### What is being asked:
Nothing but the lines from the start of the records below through the line that has "[Bow Tie Specialty" should appear, each exactly as given.

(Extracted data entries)
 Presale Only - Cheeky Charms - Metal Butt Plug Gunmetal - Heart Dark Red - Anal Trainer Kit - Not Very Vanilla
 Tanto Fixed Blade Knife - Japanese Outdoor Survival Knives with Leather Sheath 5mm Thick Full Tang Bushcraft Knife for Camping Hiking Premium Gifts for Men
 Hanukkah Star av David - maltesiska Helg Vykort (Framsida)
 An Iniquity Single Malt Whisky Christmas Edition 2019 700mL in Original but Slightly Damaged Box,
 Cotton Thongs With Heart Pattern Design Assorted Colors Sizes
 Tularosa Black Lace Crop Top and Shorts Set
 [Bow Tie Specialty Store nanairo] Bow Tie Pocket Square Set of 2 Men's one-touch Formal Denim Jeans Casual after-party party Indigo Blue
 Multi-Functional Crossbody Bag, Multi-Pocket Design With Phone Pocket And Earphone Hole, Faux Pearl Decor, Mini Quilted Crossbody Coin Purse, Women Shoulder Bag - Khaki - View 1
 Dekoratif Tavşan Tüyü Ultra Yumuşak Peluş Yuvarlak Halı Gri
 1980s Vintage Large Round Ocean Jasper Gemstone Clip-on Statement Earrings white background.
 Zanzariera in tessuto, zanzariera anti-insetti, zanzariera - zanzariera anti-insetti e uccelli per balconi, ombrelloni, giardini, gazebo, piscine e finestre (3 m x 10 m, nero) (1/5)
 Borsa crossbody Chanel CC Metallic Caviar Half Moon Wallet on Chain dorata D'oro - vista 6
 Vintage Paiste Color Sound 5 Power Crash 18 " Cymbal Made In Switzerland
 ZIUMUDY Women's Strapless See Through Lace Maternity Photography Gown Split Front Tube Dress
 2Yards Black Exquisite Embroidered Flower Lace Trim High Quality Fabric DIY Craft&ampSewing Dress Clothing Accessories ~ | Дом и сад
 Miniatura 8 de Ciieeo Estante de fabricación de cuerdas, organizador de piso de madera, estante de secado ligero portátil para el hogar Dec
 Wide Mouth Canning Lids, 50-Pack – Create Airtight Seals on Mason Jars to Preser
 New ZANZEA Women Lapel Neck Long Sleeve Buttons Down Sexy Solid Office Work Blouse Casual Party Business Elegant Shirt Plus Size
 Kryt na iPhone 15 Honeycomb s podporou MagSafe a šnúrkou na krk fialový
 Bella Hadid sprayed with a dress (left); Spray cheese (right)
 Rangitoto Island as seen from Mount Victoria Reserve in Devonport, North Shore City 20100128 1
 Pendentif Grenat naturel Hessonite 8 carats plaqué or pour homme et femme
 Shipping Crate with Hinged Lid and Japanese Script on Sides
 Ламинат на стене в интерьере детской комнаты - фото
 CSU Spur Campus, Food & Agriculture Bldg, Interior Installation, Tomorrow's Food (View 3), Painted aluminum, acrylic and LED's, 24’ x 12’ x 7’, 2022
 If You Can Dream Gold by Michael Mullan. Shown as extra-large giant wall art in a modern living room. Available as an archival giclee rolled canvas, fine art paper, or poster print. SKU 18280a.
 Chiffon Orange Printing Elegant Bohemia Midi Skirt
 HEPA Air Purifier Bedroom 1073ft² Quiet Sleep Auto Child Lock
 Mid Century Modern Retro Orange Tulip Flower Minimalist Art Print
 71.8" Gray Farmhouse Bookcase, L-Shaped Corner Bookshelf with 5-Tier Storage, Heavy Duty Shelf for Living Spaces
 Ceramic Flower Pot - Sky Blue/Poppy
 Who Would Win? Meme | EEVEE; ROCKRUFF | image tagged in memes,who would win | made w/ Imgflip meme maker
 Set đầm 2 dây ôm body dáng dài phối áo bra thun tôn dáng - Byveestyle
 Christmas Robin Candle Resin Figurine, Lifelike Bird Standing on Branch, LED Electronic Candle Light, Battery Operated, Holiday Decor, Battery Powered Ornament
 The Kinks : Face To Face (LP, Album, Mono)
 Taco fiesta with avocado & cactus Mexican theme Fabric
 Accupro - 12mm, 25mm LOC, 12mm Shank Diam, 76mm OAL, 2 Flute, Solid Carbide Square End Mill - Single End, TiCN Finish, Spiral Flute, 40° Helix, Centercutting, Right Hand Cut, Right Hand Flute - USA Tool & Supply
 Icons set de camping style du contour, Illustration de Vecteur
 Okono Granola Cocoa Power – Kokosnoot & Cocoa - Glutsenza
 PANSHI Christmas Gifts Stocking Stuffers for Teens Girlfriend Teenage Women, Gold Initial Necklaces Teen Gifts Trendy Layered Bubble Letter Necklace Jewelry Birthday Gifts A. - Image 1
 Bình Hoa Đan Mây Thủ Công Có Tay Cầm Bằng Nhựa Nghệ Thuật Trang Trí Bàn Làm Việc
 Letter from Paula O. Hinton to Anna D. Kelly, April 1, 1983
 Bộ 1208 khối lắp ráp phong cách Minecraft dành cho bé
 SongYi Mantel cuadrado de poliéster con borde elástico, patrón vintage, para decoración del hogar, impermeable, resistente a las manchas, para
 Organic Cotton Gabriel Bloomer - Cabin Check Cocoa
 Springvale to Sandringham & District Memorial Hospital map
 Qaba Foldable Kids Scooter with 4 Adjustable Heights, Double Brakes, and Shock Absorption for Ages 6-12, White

### Completed task:
 Presale Only - Cheeky Charms - Metal Butt Plug Gunmetal - Heart Dark Red - Anal Trainer Kit - Not Very Vanilla
 Tanto Fixed Blade Knife - Japanese Outdoor Survival Knives with Leather Sheath 5mm Thick Full Tang Bushcraft Knife for Camping Hiking Premium Gifts for Men
 Hanukkah Star av David - maltesiska Helg Vykort (Framsida)
 An Iniquity Single Malt Whisky Christmas Edition 2019 700mL in Original but Slightly Damaged Box,
 Cotton Thongs With Heart Pattern Design Assorted Colors Sizes
 Tularosa Black Lace Crop Top and Shorts Set
 [Bow Tie Specialty Store nanairo] Bow Tie Pocket Square Set of 2 Men's one-touch Formal Denim Jeans Casual after-party party Indigo Blue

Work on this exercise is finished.